Growing up, my mom would continually remind my siblings and I of the quote you just read. Some days, it was a gentle reminder. Other days, it was a hard pill to swallow. I can’t even begin to explain how many times as a teenager I argued with my mom defending the people I hung out with. She didn’t get it!!! (Actually, I didn’t.)
I’m not a mother yet. But as I’ve grown older and as I have experienced certain hardships as an adult, I am just now beginning to realize why my mom was so wary of who we kept around. It wasn’t precisely because she was being extremely strict and didn’t want us to enjoy our lives. It was because she knew how easily influenced and shaped we could become by our company’s actions and lifestyles.
Even though it was hard to admit then, I can now admit that my mom’s nugget of wisdom was what I needed all along.
When you’re young, you don’t really pay attention to who your friends are. Usually you meet a classmate in class or on the playground, you get along for one moment, and then boom, suddenly that classmate is your diary and the person you go to for everything. I think it’s beautiful that as children, we choose friends based on the memories we have of them, what we shared, and how they made us feel. If a child knows that another has been bullying or picking on other kids, odds are they aren’t going to want to be around that particular child. But children are innocent and somehow understand that when someone’s actions aren’t good, they should stay away.
As we grow older, a shift begins to happen though. We begin to keep friends around no matter how they make us feel. I’m still trying to wrap my head around why this happens. Some questions I’ve asked myself are:
Am I friends with this person because I’ve known them for such a long time?
Am I friends with this person because I don’t want to bother meeting new people?
How Do You Feel?
I’ve found myself time and time again keeping company around that didn’t always make me feel good. Whether it was their language, their actions, attitudes, or mindsets, I could feel a shift in my own self whenever I was around them. If you pause for a moment and think of the company you’ve been keeping, I want you to keep the following questions in mind:
After you're done hanging out with them and even during, how do you FEEL? Do you feel that your heart, soul, and mind are being fed? Or, do you feel that the last bits of life are being sucked out of you? After you’re done hanging out with them, are you more inclined to make positive choices or negative ones? Are you more inclined to consume things (food, media, entertainment, etc.) that help you or stunt you? Do you feel encouraged and uplifted? Do you feel unmoved and apathetic?

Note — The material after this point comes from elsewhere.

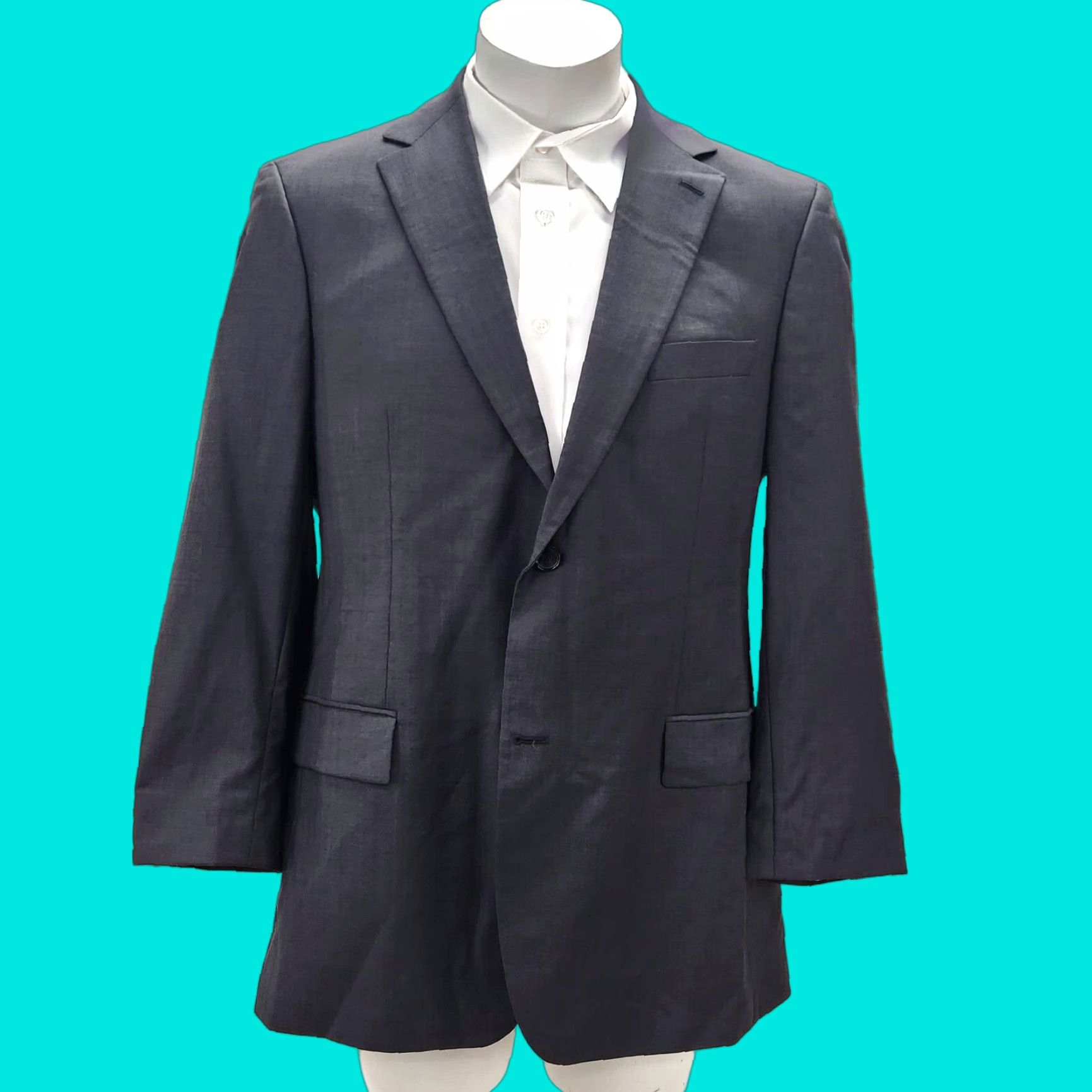 Hugo Boss VTG Hugo Boss Jacket Blazer Men 42R Wool Black Lined 2 Button Closure USA Shirt? Size 42R - 1 Thumbnail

Take a moment to digest those questions and if you feel inclined to, journal them down. It always makes a difference seeing your responses right in front of you! I genuinely desire for you to reflect on those because for a long time I didn’t understand, or at least, didn’t want to accept the fact that who I kept around would affect me in the long run. It wasn’t until I started to firsthand experience negative side effects from my various relationships that I realized my company mattered. No matter how solid I believed my integrity to be or how ingrained my values were in my heart, consistent bad company surely would corrupt what I had taken so long to build in my life.
Now, I do want to make it clear that I’m not trying to warn you to begin staying away from everyone. Especially since sometimes there are certain people you can’t necessarily avoid physically. This also doesn’t mean you need to start cutting people off left and right (unless you feel it is heavy on your heart to do so). What I want you to understand with me is the importance of choosing, when we’re able to, our company wisely for the sake of the health of our hearts, minds, and souls.
Who you keep around will surely influence you in one way or another. My hope for you is that you continue loving everyone you know and come across, but you’re aware of who is building you up and who isn’t.